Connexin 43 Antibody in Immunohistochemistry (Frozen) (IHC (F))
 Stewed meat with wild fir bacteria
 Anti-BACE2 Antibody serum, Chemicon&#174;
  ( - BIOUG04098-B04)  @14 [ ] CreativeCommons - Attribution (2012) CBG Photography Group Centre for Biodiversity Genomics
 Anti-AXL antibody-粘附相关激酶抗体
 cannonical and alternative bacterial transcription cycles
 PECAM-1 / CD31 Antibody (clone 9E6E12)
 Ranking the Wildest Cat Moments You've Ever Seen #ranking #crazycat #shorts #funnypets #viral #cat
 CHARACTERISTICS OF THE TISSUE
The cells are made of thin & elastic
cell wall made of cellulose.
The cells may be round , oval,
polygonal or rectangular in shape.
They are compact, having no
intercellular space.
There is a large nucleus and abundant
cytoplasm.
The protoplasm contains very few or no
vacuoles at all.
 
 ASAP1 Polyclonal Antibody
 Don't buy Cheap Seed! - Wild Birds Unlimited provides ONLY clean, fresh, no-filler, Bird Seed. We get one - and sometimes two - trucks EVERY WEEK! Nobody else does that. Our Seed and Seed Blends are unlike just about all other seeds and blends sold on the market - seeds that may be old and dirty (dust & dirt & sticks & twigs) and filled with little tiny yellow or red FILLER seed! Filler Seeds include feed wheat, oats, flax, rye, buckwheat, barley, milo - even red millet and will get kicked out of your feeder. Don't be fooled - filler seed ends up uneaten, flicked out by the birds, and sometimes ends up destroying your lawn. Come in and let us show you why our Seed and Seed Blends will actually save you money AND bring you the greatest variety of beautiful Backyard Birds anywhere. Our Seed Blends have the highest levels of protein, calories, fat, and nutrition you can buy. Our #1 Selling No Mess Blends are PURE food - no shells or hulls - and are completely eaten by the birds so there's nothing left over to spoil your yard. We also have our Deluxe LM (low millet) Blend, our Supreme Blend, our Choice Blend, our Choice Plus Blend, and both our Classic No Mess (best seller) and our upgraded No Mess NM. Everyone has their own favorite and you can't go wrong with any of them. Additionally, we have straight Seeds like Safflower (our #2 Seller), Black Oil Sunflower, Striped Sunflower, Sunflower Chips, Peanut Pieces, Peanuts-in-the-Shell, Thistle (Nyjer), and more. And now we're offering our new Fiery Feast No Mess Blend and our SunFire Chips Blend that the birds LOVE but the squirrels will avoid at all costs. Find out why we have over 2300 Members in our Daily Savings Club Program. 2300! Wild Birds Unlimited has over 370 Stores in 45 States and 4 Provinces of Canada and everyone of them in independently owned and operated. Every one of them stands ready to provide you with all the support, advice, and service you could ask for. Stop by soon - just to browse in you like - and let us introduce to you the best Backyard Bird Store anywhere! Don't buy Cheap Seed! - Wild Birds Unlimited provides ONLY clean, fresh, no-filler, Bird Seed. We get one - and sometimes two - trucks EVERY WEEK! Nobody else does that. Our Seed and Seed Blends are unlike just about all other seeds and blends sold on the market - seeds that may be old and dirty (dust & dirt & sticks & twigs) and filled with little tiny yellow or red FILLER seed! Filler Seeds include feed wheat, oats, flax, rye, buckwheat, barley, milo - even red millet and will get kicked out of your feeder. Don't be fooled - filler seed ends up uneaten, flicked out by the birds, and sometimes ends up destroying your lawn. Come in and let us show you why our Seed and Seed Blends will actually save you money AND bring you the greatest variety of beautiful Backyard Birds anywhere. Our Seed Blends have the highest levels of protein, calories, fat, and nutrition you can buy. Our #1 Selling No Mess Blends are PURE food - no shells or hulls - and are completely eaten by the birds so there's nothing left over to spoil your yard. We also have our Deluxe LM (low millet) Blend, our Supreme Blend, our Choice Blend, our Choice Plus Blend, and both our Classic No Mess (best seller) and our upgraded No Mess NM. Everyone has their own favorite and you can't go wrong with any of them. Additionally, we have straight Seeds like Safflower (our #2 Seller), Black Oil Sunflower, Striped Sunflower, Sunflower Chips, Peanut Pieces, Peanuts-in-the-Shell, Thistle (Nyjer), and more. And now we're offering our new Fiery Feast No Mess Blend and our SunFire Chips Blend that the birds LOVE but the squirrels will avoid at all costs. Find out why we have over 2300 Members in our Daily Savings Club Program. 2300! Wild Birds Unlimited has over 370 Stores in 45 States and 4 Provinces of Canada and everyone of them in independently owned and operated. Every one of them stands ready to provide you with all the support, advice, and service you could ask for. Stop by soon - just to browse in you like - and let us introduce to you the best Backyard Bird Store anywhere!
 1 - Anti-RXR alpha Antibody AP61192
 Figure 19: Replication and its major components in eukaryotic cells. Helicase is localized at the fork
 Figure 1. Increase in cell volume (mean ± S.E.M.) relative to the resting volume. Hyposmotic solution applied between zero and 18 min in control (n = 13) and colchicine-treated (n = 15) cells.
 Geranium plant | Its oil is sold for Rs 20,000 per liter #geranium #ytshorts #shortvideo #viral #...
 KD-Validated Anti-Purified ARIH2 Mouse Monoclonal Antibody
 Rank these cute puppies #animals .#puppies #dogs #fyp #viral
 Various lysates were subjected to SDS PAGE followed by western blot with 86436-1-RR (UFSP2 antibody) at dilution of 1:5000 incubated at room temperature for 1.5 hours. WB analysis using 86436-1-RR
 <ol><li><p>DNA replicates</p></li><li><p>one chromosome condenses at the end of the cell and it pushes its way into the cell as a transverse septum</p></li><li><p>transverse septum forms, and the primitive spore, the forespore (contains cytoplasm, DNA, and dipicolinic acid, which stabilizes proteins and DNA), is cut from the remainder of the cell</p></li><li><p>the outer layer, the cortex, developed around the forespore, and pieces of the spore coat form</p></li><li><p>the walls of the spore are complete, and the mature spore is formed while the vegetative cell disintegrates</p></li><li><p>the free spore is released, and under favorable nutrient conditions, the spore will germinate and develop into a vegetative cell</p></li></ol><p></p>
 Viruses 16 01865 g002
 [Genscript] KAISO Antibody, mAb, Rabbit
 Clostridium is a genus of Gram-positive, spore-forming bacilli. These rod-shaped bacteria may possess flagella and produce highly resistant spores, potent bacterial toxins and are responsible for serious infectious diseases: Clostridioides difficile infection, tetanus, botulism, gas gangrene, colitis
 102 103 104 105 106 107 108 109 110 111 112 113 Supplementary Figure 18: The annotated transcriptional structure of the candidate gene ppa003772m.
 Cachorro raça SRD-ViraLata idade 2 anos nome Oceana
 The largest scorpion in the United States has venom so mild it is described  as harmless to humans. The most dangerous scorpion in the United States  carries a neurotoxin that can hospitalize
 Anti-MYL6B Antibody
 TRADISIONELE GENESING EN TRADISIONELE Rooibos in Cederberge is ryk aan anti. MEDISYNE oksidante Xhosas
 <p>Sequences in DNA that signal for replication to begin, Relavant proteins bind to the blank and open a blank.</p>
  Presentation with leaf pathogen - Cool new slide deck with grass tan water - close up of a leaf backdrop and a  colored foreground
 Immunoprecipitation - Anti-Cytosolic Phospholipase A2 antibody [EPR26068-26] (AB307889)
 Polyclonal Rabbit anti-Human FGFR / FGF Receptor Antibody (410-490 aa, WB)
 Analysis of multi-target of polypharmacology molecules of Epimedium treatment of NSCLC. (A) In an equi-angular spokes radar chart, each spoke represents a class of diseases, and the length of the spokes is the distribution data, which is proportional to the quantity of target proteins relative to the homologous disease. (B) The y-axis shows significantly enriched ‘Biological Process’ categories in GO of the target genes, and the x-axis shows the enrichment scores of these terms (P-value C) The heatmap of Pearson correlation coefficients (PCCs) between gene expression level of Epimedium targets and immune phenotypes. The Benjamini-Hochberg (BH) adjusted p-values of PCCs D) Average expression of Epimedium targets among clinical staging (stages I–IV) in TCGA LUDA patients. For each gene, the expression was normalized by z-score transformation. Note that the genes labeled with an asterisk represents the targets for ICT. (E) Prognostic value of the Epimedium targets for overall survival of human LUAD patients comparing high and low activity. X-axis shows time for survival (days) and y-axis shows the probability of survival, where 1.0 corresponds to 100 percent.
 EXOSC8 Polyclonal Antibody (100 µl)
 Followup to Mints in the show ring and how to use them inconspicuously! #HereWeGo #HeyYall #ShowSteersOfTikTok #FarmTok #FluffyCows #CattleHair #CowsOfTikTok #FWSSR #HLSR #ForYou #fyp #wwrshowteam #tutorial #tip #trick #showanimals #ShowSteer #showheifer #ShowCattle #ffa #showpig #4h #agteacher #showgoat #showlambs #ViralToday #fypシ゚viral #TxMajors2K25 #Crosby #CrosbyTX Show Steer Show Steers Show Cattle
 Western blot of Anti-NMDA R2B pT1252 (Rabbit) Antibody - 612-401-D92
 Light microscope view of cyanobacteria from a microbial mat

* * *

> EXERCISE AIM
Work out how many lines of the data hold the string "Polyclonal". State only that number.

> EXPECTED OUTPUT
3